* [Instructions to follow] For the entries below, print exactly the lines between the line holding "33 x 42 Notebook" and the line holding "adidas Dame 5 Clear Mint Legend Marine", inclusive, and nothing else.

BEGIN Records provided

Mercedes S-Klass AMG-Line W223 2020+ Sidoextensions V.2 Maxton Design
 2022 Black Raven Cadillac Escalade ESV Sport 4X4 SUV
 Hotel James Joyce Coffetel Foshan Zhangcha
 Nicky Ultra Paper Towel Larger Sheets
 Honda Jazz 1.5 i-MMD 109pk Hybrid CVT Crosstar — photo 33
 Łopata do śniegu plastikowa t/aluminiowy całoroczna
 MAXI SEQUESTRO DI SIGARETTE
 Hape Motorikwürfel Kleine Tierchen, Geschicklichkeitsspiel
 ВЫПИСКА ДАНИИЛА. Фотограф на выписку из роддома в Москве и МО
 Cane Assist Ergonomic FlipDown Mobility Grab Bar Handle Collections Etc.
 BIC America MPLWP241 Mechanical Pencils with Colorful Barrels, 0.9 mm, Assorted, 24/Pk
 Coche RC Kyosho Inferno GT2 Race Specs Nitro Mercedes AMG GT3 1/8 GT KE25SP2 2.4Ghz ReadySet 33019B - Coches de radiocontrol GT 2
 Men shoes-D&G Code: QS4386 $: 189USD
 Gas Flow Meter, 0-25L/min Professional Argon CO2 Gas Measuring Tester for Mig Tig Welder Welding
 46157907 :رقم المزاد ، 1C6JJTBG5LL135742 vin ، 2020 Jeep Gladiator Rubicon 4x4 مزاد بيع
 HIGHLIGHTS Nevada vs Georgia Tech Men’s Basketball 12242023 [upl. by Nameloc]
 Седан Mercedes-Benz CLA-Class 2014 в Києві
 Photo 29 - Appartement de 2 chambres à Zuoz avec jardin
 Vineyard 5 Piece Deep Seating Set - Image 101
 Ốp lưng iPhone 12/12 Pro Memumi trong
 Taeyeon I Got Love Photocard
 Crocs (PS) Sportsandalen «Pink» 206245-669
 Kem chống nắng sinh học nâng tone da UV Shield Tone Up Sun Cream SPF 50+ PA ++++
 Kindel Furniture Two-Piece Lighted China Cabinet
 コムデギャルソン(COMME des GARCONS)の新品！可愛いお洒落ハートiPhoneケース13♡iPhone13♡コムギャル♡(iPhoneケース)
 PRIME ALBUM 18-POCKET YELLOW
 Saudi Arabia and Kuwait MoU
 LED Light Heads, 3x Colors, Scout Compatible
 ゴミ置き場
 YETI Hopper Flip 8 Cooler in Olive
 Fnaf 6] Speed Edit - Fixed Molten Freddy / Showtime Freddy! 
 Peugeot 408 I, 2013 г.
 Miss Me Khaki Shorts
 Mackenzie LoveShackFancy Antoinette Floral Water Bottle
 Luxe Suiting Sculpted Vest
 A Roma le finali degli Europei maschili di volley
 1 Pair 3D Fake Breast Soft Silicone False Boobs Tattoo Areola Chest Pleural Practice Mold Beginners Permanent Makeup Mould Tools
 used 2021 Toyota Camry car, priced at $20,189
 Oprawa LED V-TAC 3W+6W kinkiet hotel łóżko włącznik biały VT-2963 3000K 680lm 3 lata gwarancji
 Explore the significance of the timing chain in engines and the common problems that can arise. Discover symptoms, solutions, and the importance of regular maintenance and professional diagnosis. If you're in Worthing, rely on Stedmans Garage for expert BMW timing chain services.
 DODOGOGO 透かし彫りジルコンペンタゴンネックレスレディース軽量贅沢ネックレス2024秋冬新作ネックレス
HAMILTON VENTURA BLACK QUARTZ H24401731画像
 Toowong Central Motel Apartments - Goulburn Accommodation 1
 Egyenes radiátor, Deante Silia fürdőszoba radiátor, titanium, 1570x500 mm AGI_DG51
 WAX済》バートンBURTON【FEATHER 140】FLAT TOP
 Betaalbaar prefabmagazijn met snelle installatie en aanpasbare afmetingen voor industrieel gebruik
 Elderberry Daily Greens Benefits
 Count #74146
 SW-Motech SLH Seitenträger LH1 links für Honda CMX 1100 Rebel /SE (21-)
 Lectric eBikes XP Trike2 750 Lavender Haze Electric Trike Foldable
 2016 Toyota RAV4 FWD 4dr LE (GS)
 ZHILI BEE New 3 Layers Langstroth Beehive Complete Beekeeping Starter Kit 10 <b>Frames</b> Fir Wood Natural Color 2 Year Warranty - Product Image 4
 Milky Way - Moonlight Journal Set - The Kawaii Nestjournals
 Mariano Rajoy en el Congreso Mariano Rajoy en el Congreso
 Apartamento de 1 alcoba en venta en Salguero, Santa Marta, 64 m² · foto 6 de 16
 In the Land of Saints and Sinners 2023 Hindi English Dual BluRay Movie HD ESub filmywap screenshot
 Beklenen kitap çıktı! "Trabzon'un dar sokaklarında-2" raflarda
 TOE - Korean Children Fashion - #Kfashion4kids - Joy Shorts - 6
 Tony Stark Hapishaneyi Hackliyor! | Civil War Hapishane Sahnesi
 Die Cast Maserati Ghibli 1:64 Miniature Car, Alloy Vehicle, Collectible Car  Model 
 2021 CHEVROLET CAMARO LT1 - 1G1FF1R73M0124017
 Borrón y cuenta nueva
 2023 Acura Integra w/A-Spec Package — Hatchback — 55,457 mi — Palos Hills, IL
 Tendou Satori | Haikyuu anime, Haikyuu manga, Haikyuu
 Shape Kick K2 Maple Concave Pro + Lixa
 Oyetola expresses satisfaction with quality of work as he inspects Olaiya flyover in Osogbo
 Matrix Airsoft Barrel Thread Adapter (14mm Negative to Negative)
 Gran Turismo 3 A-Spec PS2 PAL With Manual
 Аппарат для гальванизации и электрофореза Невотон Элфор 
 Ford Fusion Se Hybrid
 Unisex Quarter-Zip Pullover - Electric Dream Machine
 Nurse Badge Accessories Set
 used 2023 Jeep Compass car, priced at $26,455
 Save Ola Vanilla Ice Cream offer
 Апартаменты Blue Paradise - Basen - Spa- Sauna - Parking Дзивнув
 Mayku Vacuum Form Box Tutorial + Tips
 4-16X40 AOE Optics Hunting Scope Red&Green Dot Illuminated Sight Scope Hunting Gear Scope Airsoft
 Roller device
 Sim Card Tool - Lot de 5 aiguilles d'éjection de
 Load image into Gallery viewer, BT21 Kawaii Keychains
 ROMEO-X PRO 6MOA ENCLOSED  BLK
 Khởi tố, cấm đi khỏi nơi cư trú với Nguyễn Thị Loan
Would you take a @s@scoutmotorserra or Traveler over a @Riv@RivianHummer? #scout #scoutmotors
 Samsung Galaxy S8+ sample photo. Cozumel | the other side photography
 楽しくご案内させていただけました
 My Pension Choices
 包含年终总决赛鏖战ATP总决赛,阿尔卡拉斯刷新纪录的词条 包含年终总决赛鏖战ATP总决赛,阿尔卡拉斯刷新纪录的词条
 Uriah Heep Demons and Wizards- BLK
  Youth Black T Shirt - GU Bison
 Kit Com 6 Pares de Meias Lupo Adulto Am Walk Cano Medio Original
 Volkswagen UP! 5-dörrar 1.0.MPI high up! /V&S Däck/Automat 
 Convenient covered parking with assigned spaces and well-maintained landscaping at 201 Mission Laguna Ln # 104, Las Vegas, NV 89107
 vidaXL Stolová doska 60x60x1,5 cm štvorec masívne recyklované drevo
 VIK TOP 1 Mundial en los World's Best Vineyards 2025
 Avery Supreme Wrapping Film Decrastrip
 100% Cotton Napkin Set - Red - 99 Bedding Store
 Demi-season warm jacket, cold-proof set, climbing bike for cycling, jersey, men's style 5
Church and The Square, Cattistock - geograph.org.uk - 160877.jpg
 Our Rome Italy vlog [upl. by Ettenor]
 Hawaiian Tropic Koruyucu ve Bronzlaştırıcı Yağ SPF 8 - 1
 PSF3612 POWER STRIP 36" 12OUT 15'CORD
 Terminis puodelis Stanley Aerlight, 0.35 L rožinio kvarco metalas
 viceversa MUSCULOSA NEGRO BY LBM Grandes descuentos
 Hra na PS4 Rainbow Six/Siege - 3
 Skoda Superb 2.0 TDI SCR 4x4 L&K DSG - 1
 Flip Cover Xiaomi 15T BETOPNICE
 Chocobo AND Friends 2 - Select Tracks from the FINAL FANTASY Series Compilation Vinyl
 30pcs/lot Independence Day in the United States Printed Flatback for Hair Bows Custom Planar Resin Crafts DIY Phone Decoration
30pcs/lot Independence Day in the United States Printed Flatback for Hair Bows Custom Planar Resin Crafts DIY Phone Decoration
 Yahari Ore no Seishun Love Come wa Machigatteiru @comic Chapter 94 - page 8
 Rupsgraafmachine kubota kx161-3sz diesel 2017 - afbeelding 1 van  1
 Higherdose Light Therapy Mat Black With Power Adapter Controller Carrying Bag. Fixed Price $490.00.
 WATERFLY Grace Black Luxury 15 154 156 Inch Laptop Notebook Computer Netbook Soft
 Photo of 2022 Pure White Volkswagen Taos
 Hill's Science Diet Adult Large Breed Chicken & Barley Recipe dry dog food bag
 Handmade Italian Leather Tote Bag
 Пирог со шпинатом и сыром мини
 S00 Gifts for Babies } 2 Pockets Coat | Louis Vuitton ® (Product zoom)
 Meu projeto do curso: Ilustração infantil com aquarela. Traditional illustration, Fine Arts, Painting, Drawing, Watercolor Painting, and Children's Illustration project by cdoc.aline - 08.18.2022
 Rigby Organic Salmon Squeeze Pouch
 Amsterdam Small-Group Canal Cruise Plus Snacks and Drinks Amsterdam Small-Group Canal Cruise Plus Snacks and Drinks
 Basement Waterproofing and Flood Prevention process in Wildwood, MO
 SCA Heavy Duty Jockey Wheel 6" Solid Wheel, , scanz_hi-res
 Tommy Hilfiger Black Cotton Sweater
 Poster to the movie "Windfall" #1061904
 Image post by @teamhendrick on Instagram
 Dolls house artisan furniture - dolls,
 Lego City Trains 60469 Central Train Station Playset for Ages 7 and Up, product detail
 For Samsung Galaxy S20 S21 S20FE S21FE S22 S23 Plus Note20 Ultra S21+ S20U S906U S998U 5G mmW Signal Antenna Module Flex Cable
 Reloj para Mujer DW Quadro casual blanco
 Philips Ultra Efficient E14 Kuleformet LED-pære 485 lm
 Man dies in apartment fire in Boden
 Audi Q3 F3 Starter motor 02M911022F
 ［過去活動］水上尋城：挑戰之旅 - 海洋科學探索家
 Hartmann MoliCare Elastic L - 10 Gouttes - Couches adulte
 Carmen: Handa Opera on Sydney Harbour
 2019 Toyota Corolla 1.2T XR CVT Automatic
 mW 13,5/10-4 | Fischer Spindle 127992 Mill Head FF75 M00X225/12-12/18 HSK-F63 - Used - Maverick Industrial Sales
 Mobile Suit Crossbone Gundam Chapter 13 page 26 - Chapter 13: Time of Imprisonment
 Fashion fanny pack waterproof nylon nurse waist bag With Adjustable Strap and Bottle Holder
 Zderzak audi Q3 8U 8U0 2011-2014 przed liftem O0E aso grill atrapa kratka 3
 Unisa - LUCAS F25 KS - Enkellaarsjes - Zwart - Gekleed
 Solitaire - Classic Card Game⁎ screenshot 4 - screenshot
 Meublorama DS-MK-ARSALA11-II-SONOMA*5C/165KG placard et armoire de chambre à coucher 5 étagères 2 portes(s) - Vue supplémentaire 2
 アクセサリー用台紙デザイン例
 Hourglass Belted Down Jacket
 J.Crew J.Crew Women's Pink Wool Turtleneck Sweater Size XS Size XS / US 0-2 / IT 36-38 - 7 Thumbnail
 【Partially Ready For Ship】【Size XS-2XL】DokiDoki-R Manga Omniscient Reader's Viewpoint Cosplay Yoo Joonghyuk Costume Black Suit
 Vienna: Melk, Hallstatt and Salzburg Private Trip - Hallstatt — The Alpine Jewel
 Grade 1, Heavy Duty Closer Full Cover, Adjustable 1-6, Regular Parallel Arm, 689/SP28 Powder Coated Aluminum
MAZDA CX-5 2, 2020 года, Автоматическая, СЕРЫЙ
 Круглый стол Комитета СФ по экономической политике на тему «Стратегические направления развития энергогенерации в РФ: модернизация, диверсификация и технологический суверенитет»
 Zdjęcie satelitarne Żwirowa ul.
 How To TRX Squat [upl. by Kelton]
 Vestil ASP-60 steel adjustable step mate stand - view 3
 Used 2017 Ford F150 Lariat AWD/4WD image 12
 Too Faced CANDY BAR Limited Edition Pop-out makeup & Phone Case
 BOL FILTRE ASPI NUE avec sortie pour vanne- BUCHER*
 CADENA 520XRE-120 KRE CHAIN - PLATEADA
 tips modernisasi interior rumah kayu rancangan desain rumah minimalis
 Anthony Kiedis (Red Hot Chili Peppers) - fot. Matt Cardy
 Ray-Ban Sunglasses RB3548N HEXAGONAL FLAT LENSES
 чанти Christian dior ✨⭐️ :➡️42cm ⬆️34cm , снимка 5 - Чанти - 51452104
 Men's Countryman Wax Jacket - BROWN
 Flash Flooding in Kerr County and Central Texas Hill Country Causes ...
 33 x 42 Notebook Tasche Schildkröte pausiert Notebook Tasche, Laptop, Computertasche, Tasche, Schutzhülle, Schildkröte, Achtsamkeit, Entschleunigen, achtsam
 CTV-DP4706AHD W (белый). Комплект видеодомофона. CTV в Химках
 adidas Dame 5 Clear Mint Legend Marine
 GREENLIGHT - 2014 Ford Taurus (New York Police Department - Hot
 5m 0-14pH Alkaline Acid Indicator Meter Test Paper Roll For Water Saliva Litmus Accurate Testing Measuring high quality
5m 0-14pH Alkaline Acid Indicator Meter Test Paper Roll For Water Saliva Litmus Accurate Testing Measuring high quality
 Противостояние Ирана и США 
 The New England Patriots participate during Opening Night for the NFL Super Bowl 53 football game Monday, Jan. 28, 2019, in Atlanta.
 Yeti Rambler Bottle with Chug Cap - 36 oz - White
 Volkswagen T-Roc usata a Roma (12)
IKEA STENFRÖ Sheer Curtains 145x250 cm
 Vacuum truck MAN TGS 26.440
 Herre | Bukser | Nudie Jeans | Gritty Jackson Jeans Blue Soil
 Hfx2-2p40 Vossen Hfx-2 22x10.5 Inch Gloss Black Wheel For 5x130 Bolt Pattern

END Records provided

* [Reply to the exercise]
 33 x 42 Notebook Tasche Schildkröte pausiert Notebook Tasche, Laptop, Computertasche, Tasche, Schutzhülle, Schildkröte, Achtsamkeit, Entschleunigen, achtsam
 CTV-DP4706AHD W (белый). Комплект видеодомофона. CTV в Химках
 adidas Dame 5 Clear Mint Legend Marine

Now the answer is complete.